K Number

Device Name

MAHURKAR OPLUS CATHETER, MODEL 13.5 FR

Manufacturer

THE KENDALL COMPANY

Date Cleared

2003-05-13

(112 days)

Product Code

MPB

Regulation Number

876.5540

Intended Use

MAHURKAR® QPLUS® Catheter is intended for short-term central venous access for hemodialysis, apheresis, and infusion.

Device Description

The MAHURKAR® QPLUS® Catheter has a 13.5Fr radiopaque polyurethane catheter shaft with two large lumens (arterial and venous) running longitudinally along the length of the catheter shaft. The catheter version with a straight shaft either has curved extensions or straight extensions. The catheter version with a pre-curved shaft has straight extensions. MAHURKAR® QPLUS® Catheter is available in kit or tray configuration which contains the sterile catheter as well as accessory items needed for insertion.

More Information

Contact

Type

Center

Panel

Date Received

Product Code

Subsequent Product Codes

Applicant Name (Manufacturer)

Device Name

Decision

Street 1

Street 2

City

State

Country Code

ZIP

Postal Code

Class Advise Committee

SSP Indicator

Third Party Reviewed

Expedited Review

Predicate Devices

Not Found

Reference Devices

Not Found

AI/ML (Artificial Intelligence / Machine Learning)

No
The summary describes a physical catheter and its accessories, with no mention of software, algorithms, or AI/ML terms.

Therapeutic

Yes
The device is intended for short-term central venous access for hemodialysis, apheresis, and infusion, which are therapeutic procedures.

Diagnostic

No
The device is described as a catheter for central venous access for "hemodialysis, apheresis, and infusion," which are therapeutic and access procedures, not diagnostic ones.

SaMD (Software as a Medical Device)

The device description clearly describes a physical catheter made of polyurethane with lumens and extensions, indicating it is a hardware device, not software only.

IVD (In Vitro Diagnostic)

Based on the provided information, the MAHURKAR® QPLUS® Catheter is not an IVD (In Vitro Diagnostic) device.

Here's why:

Intended Use: The intended use is for "short-term central venous access for hemodialysis, apheresis, and infusion." This describes a device used in vivo (within the body) for therapeutic and access purposes.
Device Description: The description details a catheter designed to be inserted into a vein.
Lack of IVD Characteristics: There is no mention of the device being used to examine specimens derived from the human body (like blood, urine, tissue, etc.) to provide information for diagnosis, monitoring, or screening.

IVD devices are used to perform tests outside the body on biological samples. The MAHURKAR® QPLUS® Catheter is clearly designed for direct interaction with the patient's circulatory system.
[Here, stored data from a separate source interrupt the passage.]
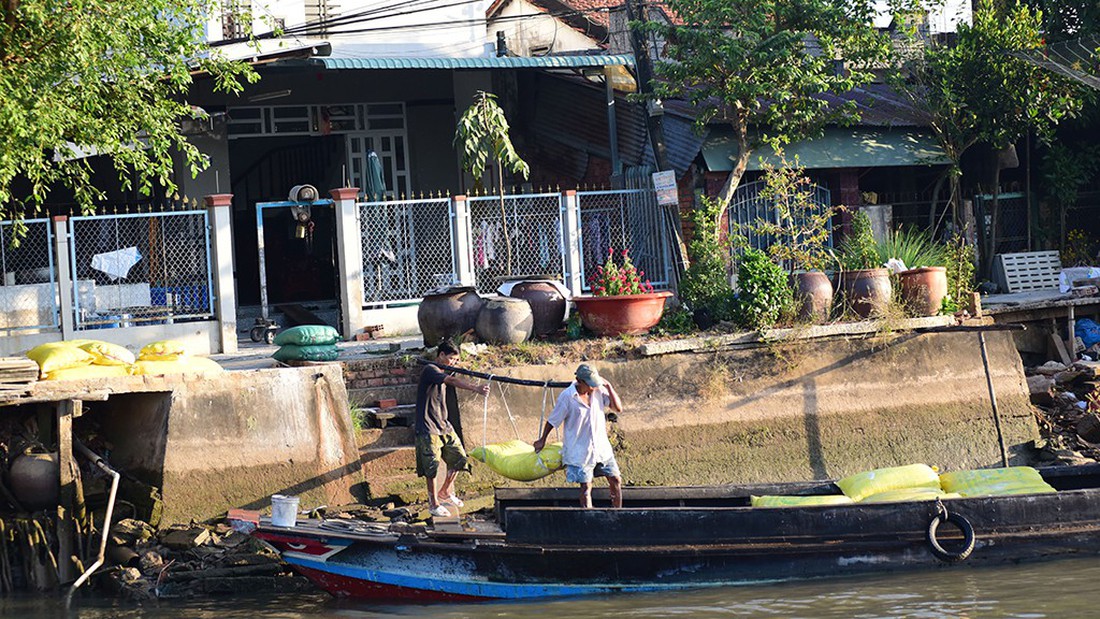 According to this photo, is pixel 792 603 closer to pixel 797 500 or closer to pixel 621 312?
pixel 797 500

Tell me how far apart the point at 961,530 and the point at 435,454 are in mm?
4423

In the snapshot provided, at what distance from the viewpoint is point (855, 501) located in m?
11.4

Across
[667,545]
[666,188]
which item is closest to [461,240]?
[666,188]

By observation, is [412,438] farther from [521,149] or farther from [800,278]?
[521,149]

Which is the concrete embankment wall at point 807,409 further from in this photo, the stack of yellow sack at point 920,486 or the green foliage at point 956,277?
the stack of yellow sack at point 920,486

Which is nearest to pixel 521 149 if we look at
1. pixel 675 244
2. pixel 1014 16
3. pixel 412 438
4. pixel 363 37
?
pixel 363 37

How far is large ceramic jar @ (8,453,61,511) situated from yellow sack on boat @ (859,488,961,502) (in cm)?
701

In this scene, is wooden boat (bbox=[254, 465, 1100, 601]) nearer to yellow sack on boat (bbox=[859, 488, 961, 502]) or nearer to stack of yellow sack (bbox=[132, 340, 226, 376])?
yellow sack on boat (bbox=[859, 488, 961, 502])

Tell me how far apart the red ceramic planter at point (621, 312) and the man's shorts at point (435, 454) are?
2686mm

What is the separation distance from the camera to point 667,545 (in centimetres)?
1070

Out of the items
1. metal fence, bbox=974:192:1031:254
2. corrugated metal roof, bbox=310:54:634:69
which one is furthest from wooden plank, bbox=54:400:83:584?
metal fence, bbox=974:192:1031:254

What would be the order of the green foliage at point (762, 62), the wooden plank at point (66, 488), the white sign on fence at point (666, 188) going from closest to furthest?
the wooden plank at point (66, 488) → the green foliage at point (762, 62) → the white sign on fence at point (666, 188)

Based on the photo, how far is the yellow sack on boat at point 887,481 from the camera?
1155 centimetres

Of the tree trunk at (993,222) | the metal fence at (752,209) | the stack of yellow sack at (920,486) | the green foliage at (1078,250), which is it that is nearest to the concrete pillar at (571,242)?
the metal fence at (752,209)
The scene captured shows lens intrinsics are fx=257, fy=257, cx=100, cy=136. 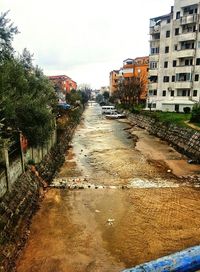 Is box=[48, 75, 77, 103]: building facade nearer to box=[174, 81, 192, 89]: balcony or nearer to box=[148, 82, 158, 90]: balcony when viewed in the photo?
box=[148, 82, 158, 90]: balcony

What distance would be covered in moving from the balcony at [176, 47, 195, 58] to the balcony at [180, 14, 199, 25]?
4.38 metres

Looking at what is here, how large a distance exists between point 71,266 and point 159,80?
46.5 metres

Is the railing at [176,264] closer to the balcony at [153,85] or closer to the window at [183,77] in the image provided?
the window at [183,77]

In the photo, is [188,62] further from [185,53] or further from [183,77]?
[183,77]

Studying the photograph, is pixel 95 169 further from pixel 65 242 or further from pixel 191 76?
pixel 191 76

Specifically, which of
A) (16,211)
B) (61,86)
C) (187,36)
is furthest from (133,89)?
(16,211)

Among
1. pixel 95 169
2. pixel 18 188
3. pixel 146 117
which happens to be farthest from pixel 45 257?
pixel 146 117

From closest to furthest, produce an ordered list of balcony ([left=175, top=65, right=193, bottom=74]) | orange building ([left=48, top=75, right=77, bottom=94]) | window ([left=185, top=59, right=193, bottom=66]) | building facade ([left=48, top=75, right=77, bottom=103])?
balcony ([left=175, top=65, right=193, bottom=74]) < window ([left=185, top=59, right=193, bottom=66]) < building facade ([left=48, top=75, right=77, bottom=103]) < orange building ([left=48, top=75, right=77, bottom=94])

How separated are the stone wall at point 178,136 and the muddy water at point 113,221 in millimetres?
3674

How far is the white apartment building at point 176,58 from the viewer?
148 ft

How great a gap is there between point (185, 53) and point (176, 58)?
2035mm

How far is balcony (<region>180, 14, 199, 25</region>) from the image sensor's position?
145 ft

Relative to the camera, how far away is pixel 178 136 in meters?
28.4

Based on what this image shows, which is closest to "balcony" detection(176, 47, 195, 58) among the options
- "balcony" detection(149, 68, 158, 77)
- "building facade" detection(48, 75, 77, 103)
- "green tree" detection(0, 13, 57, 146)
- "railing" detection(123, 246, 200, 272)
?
"balcony" detection(149, 68, 158, 77) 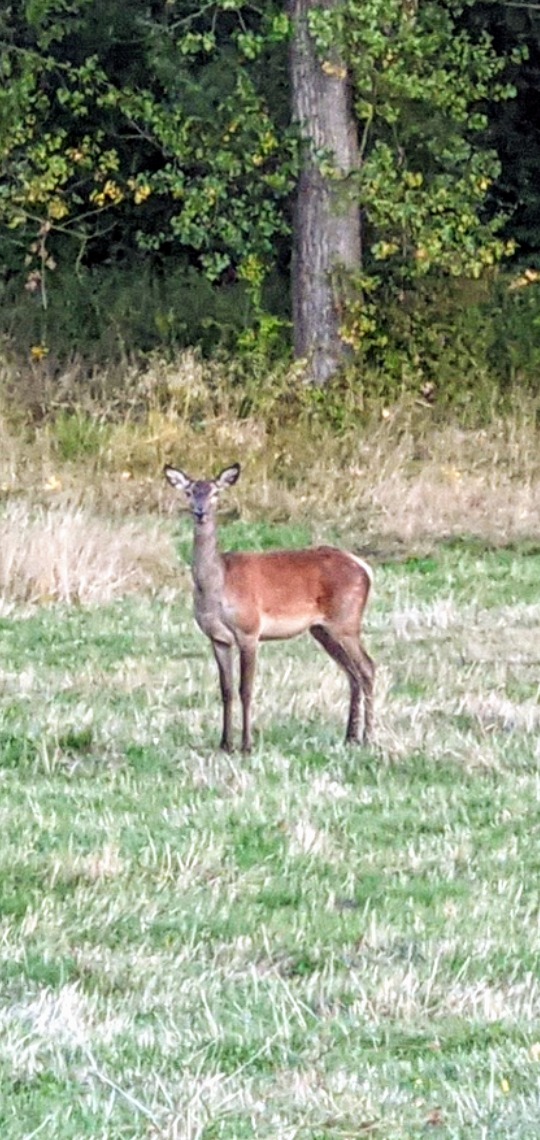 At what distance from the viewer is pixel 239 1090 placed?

PCCP (Predetermined Change Control Plan) Authorized

N/A

Overview

Intended Use / Indications for Use

MAHURKAR® QPLUS® Catheter is intended for short-term central venous access for hemodialysis, apheresis, and infusion.

Product codes

78 MPB

Device Description

MAHURKAR® QPLUS® Catheter is available in kit or tray configuration which contains the sterile catheter as well as accessory items needed for insertion.

Mentions image processing

Not Found

Mentions AI, DNN, or ML

Not Found

Input Imaging Modality

Not Found

Anatomical Site

central venous

Indicated Patient Age Range

Not Found

Intended User / Care Setting

Not Found

Description of the training set, sample size, data source, and annotation protocol

Not Found

Description of the test set, sample size, data source, and annotation protocol

Not Found

Summary of Performance Studies (study type, sample size, AUC, MRMC, standalone performance, key results)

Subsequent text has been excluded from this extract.